Net revenue improved marginally to Ksh. 128 billion from 124 billion while cost of sales increased to Ksh. 74 billion from Ksh. 70 billion in 2024. Operating expenses increased to Ksh. 28 billion from Ksh. 24 billion in a similar period last year. The company registered a Ksh. 313 million foreign exchange gain recovering from a Ksh. 3.9 billion exchange loss in 2024.
Finance costs were down to Ksh. 5.8 billion from Ksh. 8.1 billion in 2024.
The EABL Board of Directors have recommend a final dividend of Ksh. 5.50 per share. This dividend is scheduled for payment on or about 28th October 2025 to shareholders who are duly registered at the close of business on 16th September 2025. If approved, the total dividend for the year will amount to Ksh. 8.00 per share which is an increase from the Ksh. 7 total dividend that the company paid in FY 2024.
The company paid an interim dividend of Ksh. 2.50 earlier in the year.
In Kenya, interest rates declined while the Kenya Shilling appreciated against major currencies, reversing the depreciation experienced in the prior year. In Tanzania, interest rates remained stable while the currency depreciated against major currencies. Uganda remained largely stable.

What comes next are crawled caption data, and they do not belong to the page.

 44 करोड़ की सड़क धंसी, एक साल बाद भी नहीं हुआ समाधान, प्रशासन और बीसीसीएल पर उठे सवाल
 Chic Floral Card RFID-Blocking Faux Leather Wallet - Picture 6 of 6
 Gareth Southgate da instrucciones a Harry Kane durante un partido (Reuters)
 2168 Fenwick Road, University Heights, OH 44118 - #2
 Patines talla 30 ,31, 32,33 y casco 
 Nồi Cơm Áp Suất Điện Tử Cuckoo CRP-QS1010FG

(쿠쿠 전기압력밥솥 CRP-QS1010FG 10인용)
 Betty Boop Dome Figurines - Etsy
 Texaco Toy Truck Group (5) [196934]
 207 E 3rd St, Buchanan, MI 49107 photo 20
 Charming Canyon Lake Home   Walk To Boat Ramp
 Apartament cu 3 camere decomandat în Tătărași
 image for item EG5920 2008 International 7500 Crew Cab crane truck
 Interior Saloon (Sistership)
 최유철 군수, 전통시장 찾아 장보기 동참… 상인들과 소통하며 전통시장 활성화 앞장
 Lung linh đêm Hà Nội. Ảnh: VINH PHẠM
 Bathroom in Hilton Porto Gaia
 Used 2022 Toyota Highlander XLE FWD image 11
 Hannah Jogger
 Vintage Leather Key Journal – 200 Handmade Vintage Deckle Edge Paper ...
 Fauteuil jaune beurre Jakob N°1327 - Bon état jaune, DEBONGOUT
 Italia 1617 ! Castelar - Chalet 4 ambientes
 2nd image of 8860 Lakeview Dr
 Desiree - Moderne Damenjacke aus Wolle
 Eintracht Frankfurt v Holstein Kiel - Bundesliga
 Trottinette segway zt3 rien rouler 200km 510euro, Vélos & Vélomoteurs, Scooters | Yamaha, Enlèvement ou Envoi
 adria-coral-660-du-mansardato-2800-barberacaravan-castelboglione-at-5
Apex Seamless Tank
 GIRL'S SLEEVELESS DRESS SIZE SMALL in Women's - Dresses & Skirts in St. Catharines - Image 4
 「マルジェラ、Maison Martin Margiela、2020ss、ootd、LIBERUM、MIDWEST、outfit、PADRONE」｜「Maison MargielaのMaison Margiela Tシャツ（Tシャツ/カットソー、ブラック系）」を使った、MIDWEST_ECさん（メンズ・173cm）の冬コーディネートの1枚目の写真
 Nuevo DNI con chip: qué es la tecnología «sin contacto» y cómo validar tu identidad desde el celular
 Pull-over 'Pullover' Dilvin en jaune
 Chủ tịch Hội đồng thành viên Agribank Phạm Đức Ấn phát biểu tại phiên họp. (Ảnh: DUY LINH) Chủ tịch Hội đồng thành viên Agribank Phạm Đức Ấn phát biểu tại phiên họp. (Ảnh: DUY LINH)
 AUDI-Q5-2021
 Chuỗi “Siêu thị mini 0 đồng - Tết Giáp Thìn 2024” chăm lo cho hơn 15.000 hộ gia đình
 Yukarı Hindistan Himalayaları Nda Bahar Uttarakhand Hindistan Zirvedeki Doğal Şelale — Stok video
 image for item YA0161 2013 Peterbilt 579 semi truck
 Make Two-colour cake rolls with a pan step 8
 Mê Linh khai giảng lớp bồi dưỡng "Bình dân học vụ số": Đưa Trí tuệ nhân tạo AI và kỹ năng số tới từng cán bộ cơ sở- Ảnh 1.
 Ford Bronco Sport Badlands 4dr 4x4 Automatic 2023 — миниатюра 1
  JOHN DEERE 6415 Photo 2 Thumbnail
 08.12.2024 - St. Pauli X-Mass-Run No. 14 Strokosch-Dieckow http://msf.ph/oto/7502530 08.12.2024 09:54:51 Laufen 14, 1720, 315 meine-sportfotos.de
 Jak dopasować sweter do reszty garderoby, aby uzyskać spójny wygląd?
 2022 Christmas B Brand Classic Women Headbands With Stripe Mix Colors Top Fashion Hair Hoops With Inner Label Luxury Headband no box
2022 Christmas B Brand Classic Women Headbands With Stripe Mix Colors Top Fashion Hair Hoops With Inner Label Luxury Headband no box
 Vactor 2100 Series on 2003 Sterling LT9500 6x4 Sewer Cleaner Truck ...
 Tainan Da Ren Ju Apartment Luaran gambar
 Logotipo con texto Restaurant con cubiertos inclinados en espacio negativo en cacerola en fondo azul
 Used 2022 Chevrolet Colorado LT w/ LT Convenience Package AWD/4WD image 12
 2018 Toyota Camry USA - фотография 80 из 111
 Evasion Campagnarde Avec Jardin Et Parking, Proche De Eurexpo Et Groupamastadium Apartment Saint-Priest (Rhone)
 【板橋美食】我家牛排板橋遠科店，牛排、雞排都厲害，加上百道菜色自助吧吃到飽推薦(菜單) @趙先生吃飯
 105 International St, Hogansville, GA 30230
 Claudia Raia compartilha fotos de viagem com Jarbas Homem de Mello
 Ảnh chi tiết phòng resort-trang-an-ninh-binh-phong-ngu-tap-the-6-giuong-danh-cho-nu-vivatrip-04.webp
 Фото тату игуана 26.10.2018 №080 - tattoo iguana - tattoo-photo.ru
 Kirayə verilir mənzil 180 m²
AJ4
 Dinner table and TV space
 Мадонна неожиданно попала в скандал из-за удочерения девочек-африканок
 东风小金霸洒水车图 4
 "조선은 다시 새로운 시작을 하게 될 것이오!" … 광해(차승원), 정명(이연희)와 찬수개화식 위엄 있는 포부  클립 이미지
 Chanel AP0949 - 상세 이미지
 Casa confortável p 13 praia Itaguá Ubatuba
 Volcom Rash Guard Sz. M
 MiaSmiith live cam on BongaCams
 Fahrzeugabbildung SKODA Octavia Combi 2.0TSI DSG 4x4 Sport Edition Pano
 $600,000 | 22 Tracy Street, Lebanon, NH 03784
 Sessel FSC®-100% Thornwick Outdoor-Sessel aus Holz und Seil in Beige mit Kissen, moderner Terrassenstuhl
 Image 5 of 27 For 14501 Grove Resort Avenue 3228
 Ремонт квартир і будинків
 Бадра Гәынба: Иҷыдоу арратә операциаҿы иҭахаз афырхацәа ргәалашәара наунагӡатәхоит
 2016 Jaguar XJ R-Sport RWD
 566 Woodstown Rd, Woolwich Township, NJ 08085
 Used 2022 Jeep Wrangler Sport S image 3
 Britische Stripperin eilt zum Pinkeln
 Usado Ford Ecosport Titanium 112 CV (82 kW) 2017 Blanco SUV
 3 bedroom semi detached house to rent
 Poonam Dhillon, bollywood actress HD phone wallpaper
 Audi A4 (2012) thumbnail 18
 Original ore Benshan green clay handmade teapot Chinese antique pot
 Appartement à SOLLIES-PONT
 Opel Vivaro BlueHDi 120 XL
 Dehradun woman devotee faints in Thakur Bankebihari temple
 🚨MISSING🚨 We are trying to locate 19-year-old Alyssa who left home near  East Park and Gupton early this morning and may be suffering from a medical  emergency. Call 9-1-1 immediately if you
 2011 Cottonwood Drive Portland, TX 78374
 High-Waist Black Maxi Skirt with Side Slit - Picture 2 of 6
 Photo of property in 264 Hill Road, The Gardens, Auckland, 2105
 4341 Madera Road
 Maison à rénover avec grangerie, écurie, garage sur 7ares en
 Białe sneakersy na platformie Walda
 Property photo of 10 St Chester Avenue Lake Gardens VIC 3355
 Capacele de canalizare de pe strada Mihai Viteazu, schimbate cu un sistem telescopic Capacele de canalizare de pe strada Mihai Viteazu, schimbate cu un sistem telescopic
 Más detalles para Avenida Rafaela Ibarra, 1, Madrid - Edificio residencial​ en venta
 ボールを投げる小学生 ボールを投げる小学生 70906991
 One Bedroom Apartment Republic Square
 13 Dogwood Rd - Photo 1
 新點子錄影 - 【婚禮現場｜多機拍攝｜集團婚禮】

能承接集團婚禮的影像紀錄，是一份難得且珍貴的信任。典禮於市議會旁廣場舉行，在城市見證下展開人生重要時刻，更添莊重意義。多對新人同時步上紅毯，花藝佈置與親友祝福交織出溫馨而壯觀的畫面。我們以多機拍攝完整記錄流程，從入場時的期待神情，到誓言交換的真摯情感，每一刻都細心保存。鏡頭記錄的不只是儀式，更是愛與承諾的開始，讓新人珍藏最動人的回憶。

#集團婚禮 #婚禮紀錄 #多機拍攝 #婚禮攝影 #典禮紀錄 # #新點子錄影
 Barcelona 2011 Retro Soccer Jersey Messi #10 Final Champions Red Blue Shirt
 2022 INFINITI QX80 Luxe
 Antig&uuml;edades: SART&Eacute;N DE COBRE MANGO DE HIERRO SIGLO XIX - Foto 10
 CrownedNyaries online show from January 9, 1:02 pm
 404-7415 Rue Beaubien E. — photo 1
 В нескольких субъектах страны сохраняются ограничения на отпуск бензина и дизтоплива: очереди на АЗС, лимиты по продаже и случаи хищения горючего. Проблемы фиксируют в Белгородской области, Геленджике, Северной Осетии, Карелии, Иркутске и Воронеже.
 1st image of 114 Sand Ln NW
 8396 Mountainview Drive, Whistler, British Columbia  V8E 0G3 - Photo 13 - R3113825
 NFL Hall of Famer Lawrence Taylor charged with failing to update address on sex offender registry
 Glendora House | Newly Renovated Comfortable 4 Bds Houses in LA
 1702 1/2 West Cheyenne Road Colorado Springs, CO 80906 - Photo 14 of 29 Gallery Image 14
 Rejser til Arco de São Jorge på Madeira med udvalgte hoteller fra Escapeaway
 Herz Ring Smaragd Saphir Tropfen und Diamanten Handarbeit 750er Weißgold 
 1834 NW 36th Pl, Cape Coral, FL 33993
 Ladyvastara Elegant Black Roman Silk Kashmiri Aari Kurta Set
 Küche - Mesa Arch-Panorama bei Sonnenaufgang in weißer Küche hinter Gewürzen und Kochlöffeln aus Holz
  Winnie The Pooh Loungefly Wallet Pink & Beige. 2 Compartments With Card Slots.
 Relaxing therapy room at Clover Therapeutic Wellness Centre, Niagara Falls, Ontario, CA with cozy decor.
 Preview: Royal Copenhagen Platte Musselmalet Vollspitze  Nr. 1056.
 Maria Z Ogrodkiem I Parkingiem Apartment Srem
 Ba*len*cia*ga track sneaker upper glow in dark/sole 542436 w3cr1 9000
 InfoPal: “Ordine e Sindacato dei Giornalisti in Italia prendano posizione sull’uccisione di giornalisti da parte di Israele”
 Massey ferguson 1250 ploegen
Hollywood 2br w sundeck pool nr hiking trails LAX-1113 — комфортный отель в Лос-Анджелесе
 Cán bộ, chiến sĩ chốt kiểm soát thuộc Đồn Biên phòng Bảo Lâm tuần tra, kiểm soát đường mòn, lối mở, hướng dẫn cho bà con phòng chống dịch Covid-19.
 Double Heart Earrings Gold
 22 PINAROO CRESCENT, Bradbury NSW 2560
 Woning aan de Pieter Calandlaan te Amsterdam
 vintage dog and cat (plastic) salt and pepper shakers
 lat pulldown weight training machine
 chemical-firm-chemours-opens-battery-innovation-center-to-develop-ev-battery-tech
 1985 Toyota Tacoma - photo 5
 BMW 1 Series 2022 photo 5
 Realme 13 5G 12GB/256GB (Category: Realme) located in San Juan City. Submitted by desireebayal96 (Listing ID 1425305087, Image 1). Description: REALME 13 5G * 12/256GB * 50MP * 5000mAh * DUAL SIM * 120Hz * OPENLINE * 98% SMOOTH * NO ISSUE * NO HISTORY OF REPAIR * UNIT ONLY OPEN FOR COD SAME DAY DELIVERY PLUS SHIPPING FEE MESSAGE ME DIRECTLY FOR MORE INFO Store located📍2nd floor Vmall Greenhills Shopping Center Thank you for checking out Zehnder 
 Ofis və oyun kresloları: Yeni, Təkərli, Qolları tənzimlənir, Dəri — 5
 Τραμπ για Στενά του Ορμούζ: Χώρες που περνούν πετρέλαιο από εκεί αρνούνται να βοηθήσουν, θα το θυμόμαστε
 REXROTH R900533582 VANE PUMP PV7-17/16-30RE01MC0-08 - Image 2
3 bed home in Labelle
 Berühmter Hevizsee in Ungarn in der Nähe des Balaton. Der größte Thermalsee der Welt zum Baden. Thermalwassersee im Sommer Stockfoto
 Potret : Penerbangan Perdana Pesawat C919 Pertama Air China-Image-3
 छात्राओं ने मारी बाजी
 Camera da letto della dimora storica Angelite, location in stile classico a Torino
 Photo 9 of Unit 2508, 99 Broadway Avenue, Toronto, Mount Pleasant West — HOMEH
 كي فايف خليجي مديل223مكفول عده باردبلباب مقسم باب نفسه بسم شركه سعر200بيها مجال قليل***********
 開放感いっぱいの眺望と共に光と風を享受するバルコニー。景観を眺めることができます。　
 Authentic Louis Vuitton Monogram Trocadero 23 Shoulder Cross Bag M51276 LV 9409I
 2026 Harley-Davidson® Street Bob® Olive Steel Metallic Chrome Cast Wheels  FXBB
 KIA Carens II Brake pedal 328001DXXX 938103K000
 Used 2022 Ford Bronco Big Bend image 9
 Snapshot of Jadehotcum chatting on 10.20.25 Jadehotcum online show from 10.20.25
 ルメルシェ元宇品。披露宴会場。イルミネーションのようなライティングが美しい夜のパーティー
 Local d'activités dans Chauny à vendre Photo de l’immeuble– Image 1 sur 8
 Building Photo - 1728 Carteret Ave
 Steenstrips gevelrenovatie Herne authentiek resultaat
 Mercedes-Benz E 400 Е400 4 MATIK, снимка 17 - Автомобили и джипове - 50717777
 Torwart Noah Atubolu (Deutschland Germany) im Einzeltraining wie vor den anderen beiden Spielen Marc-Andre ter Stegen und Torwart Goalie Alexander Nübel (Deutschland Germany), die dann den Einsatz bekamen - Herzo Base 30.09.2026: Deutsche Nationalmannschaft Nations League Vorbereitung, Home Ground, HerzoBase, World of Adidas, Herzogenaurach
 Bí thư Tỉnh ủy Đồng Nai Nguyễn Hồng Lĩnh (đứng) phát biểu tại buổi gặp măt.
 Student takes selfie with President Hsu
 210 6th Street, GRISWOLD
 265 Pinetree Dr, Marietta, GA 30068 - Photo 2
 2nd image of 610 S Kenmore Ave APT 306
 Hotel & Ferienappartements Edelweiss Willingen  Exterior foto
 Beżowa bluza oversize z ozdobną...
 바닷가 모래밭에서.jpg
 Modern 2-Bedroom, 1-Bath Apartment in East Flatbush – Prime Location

EABL continued to navigate external pressures, including proliferation of illicit alcohol, sustained input cost inflation and declining consumer spending driven by reduced disposable income. These factors underscore the need for stronger regulatory enforcement and collaborative action to safeguard consumers and legitimate players within the sector.
Key figures from EABL’s FY 2025 financial results
- Net revenue grew 4% to Ksh. 128.8 billion while volume grew 2% as both beer and spirits registered growth across markets.
- Profit after tax grew 12% to Ksh. 12.2 billion, driven by topline growth, foreign exchange gains and lower finance costs realized through reduction of both debt and interest rates. These offset the impact of one-off costs during the year.
- Cash and cash equivalents of Ksh. 12.7 billion increased by Ksh. 1.9 billion, driven by revenue growth and lower cost of debt.
- Total debt (including overdraft) reduced by Ksh. 8.3 billion contributing to lower finance costs.